The governor proposes using $500 million of the $1.2 billion to help balance the first year of his proposed $55.5 billion two-year budget. The rest would pay off the bonds guaranteed by liquor profits. JobsOhio would borrow money to lease the liquor profits, then use the profits to repay the loan and invest in companies that want to set up or expand in Ohio.

Ohio, through JobsOhio, would become a venture capitalist, owning part of at least some of the companies it puts money into. As questionable as that prospect is, there are other concerns.

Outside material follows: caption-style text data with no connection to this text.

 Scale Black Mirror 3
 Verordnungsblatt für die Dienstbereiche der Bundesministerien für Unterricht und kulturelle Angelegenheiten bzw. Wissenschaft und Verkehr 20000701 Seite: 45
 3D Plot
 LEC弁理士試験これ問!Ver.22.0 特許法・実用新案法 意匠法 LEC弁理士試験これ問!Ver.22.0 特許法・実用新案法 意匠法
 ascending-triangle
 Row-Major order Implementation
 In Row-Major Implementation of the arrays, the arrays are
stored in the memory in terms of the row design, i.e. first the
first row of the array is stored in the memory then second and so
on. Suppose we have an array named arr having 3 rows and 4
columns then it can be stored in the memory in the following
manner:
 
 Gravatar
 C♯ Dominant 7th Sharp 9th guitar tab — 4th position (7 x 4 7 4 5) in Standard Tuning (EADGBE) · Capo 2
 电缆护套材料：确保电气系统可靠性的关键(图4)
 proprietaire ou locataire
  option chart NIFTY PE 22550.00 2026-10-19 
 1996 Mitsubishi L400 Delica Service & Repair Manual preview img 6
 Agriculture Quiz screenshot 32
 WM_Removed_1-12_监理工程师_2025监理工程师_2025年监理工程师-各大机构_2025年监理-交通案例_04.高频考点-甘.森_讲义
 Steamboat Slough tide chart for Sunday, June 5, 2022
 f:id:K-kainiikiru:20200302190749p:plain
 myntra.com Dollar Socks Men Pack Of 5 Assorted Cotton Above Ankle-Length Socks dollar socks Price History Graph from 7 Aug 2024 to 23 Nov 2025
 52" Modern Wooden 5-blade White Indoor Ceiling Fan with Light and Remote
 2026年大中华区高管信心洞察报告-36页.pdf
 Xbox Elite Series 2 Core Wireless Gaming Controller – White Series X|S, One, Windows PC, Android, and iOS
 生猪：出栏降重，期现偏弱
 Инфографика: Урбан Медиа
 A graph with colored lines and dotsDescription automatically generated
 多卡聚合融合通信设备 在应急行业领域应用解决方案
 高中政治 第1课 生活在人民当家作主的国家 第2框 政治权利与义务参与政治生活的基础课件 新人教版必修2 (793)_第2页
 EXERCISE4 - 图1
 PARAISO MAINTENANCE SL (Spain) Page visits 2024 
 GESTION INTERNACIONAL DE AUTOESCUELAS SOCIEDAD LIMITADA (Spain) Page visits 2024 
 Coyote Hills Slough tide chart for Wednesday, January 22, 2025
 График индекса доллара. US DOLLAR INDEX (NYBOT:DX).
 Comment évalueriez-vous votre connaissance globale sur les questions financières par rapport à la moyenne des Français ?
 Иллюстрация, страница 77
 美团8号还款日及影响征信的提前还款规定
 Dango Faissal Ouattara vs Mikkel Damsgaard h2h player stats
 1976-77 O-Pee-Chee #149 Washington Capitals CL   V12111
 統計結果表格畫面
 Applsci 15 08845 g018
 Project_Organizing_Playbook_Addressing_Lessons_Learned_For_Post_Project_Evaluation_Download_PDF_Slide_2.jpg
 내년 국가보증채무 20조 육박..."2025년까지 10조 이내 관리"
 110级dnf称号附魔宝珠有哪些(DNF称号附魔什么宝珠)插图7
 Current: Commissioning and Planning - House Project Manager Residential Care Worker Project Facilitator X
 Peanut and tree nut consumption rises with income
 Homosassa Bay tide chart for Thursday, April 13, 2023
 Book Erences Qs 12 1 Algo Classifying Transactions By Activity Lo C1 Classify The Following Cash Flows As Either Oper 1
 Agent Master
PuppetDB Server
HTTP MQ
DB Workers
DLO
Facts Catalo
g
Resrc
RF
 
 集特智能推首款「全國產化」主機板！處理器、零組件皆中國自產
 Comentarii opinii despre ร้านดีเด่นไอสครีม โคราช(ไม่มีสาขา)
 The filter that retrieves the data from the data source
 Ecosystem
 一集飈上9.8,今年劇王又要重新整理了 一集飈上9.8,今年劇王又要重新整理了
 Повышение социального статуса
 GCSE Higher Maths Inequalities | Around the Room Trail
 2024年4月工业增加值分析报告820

The Republican-led General Assembly has exempted JobsOhio, which will replace the state Department of Development, from all or part of open-government laws that ensure transparency in state agencies. Control of liquor profits will make the group headed by the governor even less answerable to lawmakers, who won’t control its purse strings.

Republicans often say that the market, not government, should determine winners and losers in business. How does that square with the creation of a government agency that will engage practices that are all about winners and losers, and might even have a monetary interest in making sure some businesses win and others do not?

Republicans have measured state spending by the number of private jobs it helps create, and scoff at the notion of public investment as a smoke screen for more government spending. By that measure, isn’t JobsOhio another spending plan that promises jobs at some future date?

What will happen to the treatment and safety programs now funded by liquor profits? Will the people these programs are helping have to sacrifice in the drive to create corporate Ohio?

So far, Governor Kasich has offered lots of vague assurances but few details about the liquor plan. Mr. Kvamme has offered condescension: “For all you users of alcohol, nothing will change,” he said. “You can still have your bourbon. You can still have your gin, OK?”

Not OK. Ohioans deserve answers to legitimate concerns, not a commentary on their drinking habits.